The orders for the festive case have been coming in which is lovely. Thank you to all of you who have supported us, it means a lot to us both.

One thing I have learnt this year is that there are always new things to try and new skills to learn. From not knowing what Zoom was in February I’m now running live tastings on-line.

I’m never nervous about what to say, just terrified the technology will let me down. Our internet connection would make most people weep it’s so bad.

Before I open up my meetings I close down every other piece of technology in the house that could possibly slow things down. I wonder what it would have been like in this house if the children had still been of school age and we were all jostling for the same feeble connection.

On the table this week we’ve had:

Pan-fried trout with crispy pancetta served with the lovely Chardonnay Ballades des Dames, rare steak with a wild mushroom, onion, thyme and cream sauce with Le Breton 2019 Cabernet Franc, pink duck breast flavoured with lemon grass, soy and ginger with stir fried vegetables and accompanied by Chateau de Villeneuve’s Vieilles Vignes 2014, garlic and chilli prawns with courgette spaghetti, butternut and lentil daal with a fried egg (no wine) and last but not least, the first of many mince pies.

Ah the good old mince pie.

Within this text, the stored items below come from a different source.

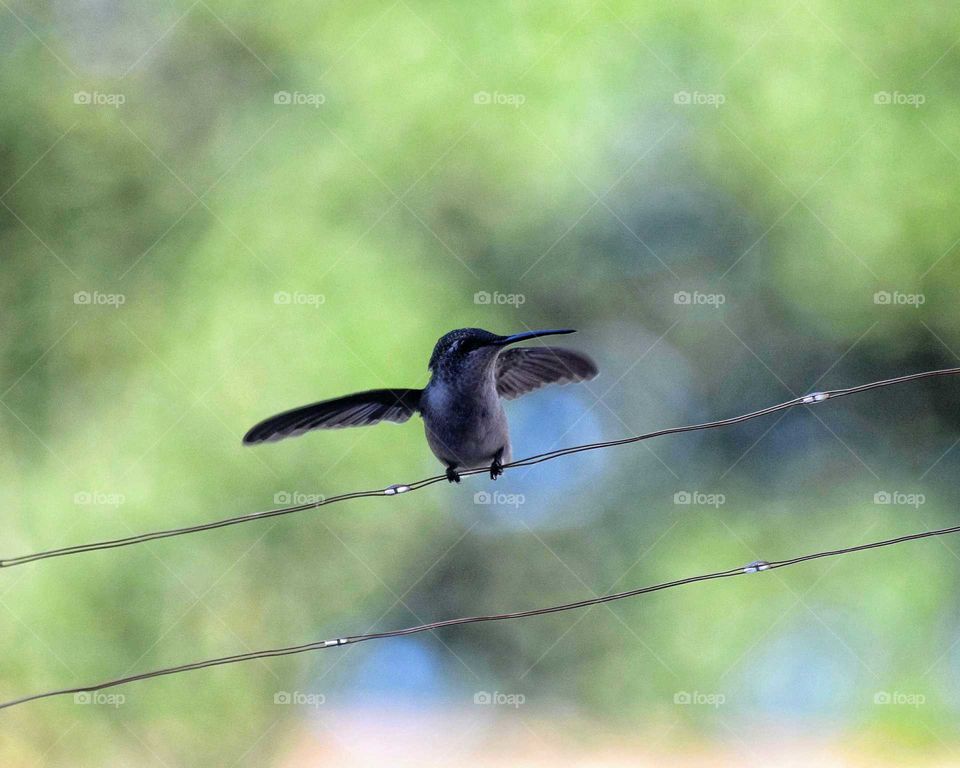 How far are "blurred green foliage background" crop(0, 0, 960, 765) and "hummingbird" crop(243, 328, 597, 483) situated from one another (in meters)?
2.86

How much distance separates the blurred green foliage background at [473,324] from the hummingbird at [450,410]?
286 cm

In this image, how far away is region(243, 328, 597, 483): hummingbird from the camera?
3.67 meters

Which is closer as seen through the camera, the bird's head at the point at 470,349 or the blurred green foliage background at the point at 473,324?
the bird's head at the point at 470,349

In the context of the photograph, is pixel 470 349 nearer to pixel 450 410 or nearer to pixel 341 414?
pixel 450 410

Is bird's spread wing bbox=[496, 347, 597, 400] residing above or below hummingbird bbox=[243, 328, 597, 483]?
above

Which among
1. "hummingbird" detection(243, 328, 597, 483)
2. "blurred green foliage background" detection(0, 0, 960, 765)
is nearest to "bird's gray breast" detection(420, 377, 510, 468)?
"hummingbird" detection(243, 328, 597, 483)

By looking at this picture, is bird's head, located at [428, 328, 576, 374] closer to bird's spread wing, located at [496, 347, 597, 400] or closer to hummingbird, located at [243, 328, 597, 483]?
hummingbird, located at [243, 328, 597, 483]

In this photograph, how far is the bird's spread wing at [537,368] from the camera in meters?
4.46

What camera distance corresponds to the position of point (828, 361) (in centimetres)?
767

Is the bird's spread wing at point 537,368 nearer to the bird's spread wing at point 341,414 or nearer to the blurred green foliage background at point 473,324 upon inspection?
the bird's spread wing at point 341,414

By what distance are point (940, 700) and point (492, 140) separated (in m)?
5.25

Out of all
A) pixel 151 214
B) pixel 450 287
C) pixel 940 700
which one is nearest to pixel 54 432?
pixel 151 214

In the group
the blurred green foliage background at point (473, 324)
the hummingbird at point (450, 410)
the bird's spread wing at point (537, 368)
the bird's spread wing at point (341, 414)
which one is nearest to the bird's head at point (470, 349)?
the hummingbird at point (450, 410)

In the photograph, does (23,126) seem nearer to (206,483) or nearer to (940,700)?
(206,483)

It’s an English thing. That combination of dried fruits and spices cooked in a sweet pastry case. I won’t make one before the first of December and then it’s mince pies all the way until the 31st. Then not a single one until the following year.

Mince pies are available in UK supermarkets from October onwards but for me, it spoils the expectation and seasonality of them to start munching them too early. It’s something to look forward to and marks the start of all things Christmassy.

Nigel eats them in pairs. I try and interchange one mince pie with one clementine in a vain effort not to put on half a kilo a day.

Will let you know how I get on. They go brilliantly with a glass or port or a Cognac by the way.